[[ EXERCISE MATERIALS, beginning ]]
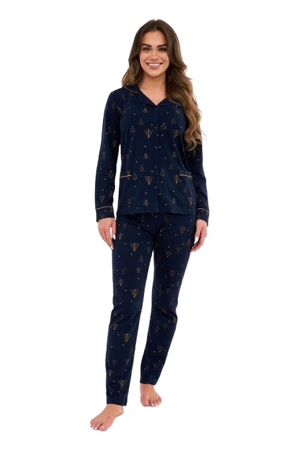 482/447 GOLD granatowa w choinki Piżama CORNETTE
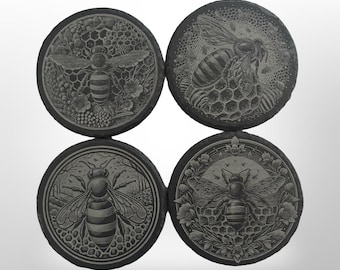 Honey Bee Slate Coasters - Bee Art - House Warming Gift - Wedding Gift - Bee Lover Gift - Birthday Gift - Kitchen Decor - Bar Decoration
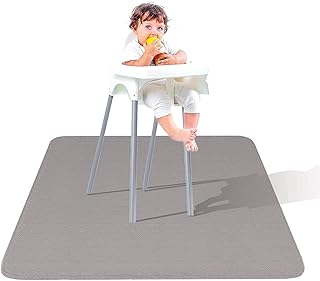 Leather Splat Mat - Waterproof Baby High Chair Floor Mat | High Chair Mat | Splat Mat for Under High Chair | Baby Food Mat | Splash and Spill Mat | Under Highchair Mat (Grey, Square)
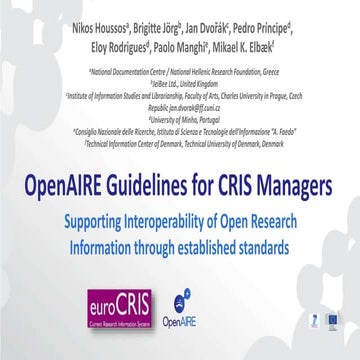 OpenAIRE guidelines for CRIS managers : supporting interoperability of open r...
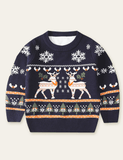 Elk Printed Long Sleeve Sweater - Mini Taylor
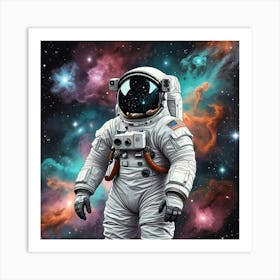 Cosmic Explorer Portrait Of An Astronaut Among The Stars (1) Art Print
[[ EXERCISE MATERIALS, end ]]
> **ASSIGNMENT**
Only the lines from the one containing "Honey Bee Slate" through the final line of the records should be transcribed, exactly and with no pictures.

> **EXERCISE ANSWER**
 Honey Bee Slate Coasters - Bee Art - House Warming Gift - Wedding Gift - Bee Lover Gift - Birthday Gift - Kitchen Decor - Bar Decoration
 Leather Splat Mat - Waterproof Baby High Chair Floor Mat | High Chair Mat | Splat Mat for Under High Chair | Baby Food Mat | Splash and Spill Mat | Under Highchair Mat (Grey, Square)
 OpenAIRE guidelines for CRIS managers : supporting interoperability of open r...
 Elk Printed Long Sleeve Sweater - Mini Taylor
 Cosmic Explorer Portrait Of An Astronaut Among The Stars (1) Art Print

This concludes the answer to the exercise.